La critique nous avait tant manqué ! À l’occasion de la réouverture des théâtres, nous nous sommes empressé·e·s d’assister à la première de Qui a peur de Virginia Woolf ? co-produit par le Théâtre du Poche en vieille-ville. Il ne vous reste déjà plus que quelques jours pour découvrir ce classique qui clôture leur saison ce dimanche 25 avril. La réouverture des salles aura permis d’offrir un clap de fin riche et intense à l’équipe qui n’attendait qu’une chose : que le spectacle ait lieu ! Sans vous spoiler, la pièce nous plonge dans un huis clos intense, intemporel et auquel on s’identifie inévitablement, sur fond d’excès d’alcool.

C’est fou, l’idée de répéter, répéter, pour ne pas savoir quand on pourra jouer. Il faut faire preuve de patience, de motivation, de résilience… Un pari qui nous parait réussi, car l’équipe de Qui a peur de Virginia Woolf ? d’Edward Albee, mis en scène par Anne Bisang et co-produit par le Poche, a transmis des émotions très inhabituelles lors de la représentation. Car après 270 jours de fermeture et d’impossibilité de se produire devant un public, leur aisance et leur énergie ont eu un effet tout particulier sur nos esprits en manque de théâtre.

Il est arrivé, ce lundi 19 avril, où la salle affichait complet (du moins, les jauges de capacité) et où l’atmosphère présentait un mélange d’émotion, d’excitation et de chaleur. Les quatre acteur·trice·s, Valeria Bertolotto, Angèle Colas, Jean-Louis Johannides et Guillaume Miramond se révèlent au fil de la pièce dans tous leurs états alors que l’alcool coule à flot. Imaginez deux couples de générations différentes, enfermés, où les tensions montent, les déchirures et les failles apparaissent et se marquent alors qu’ils deviennent de plus en plus ivres. Les corps et les coeurs s’affrontent et se mélangent, et leur sort est inévitablement chaotique.

La force de cette adaptation d’Anne Bisang tient dans les détails. Tout a été pensé dans la mise en scène pour nous faire vivre cette fête qui vire au règlement de comptes comme si nous y étions. Le décor tout d’abord, d’une richesse et d’un réalisme impressionnant, avec lequel les acteur·rice·s jouent avec brio nous permet de nous immerger dans le contexte dès les premières secondes. La musique et les effets de lumière ensuite, qui réhaussent admirablement les temps forts de la pièce. Le jeu des comédien·ne·s enfin, criant de justesse, qui sublime les dialogues aussi drôles qu’incisifs d’Edward Albee.

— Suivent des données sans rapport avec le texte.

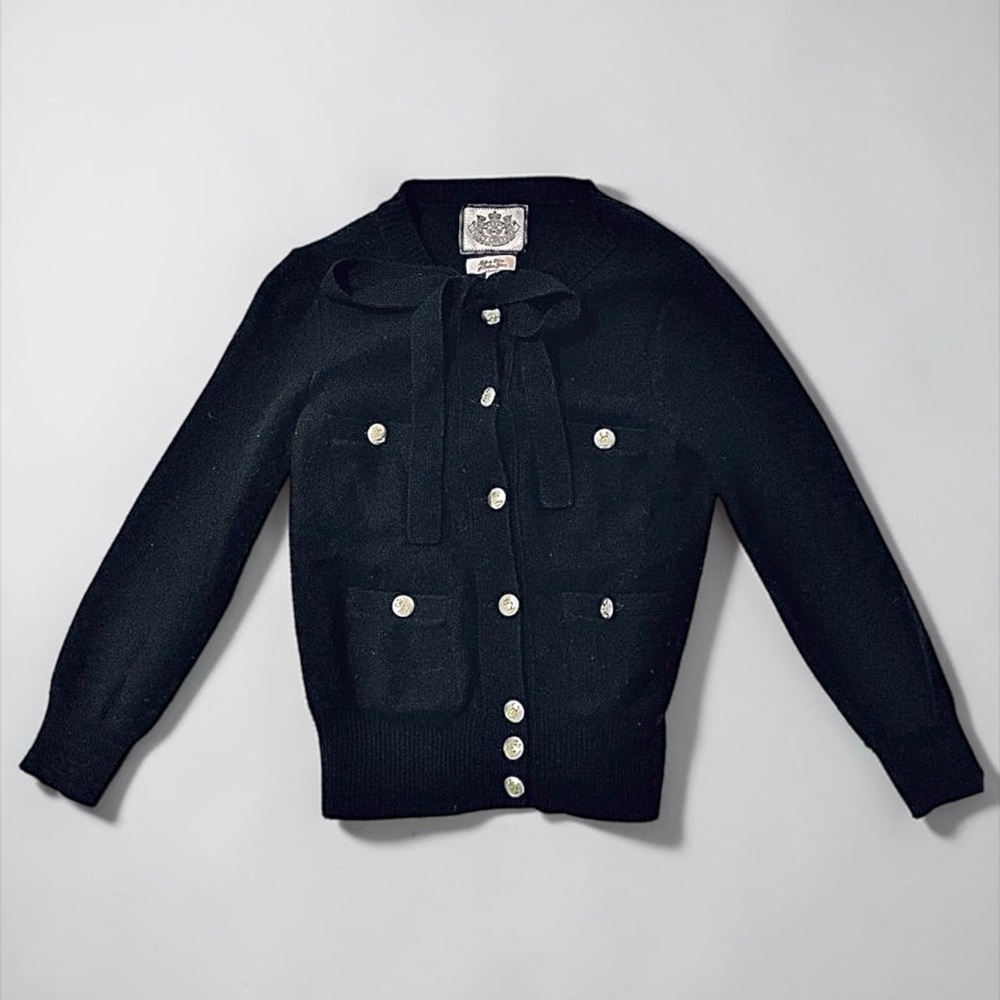 Vintage Juicy Couture black cashmere cardigan with bow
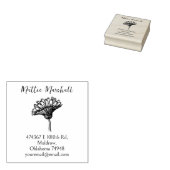  anjer bloem aangepaste retour adres rubberstempel (Gestempeld)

Cette alchimie entre les acteur·rice·s associée à la qualité de la mise en scène ne nous laisse aucun répit. Nous voilà embarqué·e·s dans une aventure émotionnelle d’une heure quarante où l’on oscille entre éclats de rire et moments d’intense tension. À mesure que, sur scène, les verres se vident et les cigarettes se consument, la catharsis agit. Tandis que la tension monte crescendo et que l’on se dirige inexorablement vers un dénouement que l’on espère libérateur, nous sommes nécessairement amené·e·s à nous interroger sur nos propres réactions et relations. Nous sortons du théâtre comme Georges, Martha, Nick et Honey terminent la pièce, émotionnellement éprouvé·e·s, mais, dans notre cas, pour notre plus grand bonheur.

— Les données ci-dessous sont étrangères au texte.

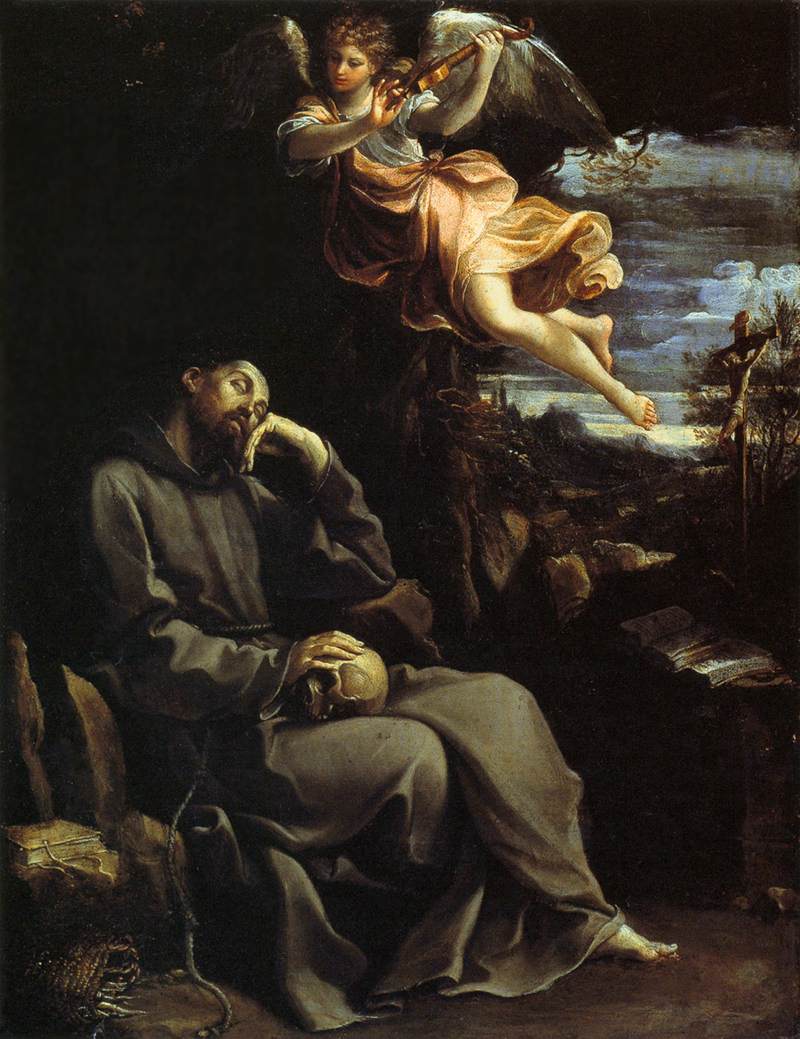 Saint Francis Comforted by Angelic Music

Qui a peur de Virginia Woolf ? version Anne Bisang est tout simplement exquis, tant par l’aspect hilarant des dialogues que par la vérité des scènes auxquelles on s’identifie, parfois à contrecœur. Dans cette salle étriquée, on pénètre l’intimité des personnages, perçant un décor contemporain parsemé de quelques notes vintage. C’est à la fois moderne et intemporel ! Décidément un retour à la culture aussi mémorable qu’agréable.